Required work:
Without any pictures, retype exactly the lines that begin at the one holding "做法和馒头差不多,味道比馒头香、脆、甜、脆,当早餐吃还更营养" and end at the last line of the data below.

Material provided:
____
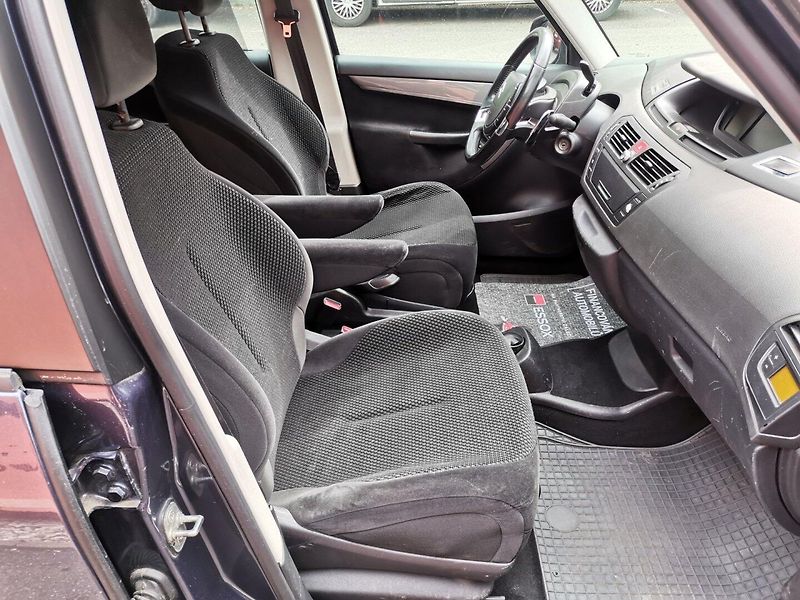 Citroën C4 Picasso (2009) 2.0HDi 100kw Automat 7míst - fotka 13 z 28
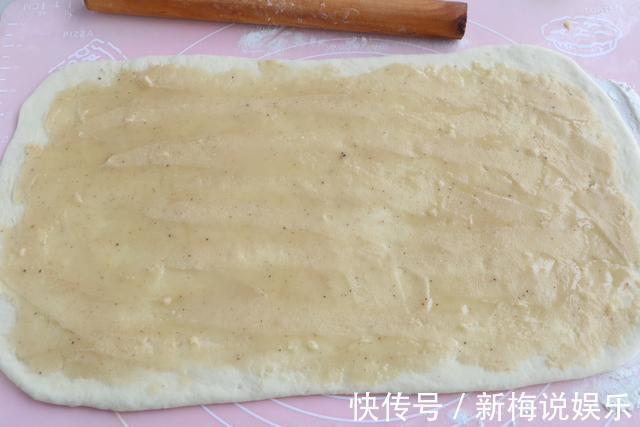 做法和馒头差不多,味道比馒头香、脆、甜、脆,当早餐吃还更营养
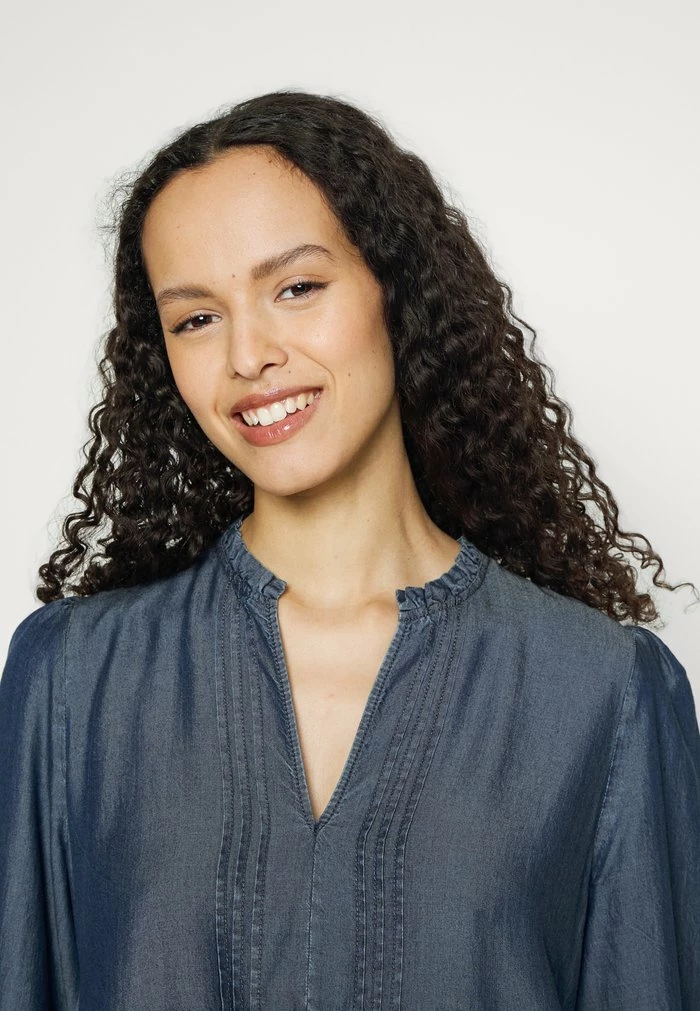 HUGO KULIA - Robe En Jean - Blue 4 HUGO KULIA - Robe En Jean - Blue – Image 4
____
Output for this exercise:
 做法和馒头差不多,味道比馒头香、脆、甜、脆,当早餐吃还更营养
 HUGO KULIA - Robe En Jean - Blue 4 HUGO KULIA - Robe En Jean - Blue – Image 4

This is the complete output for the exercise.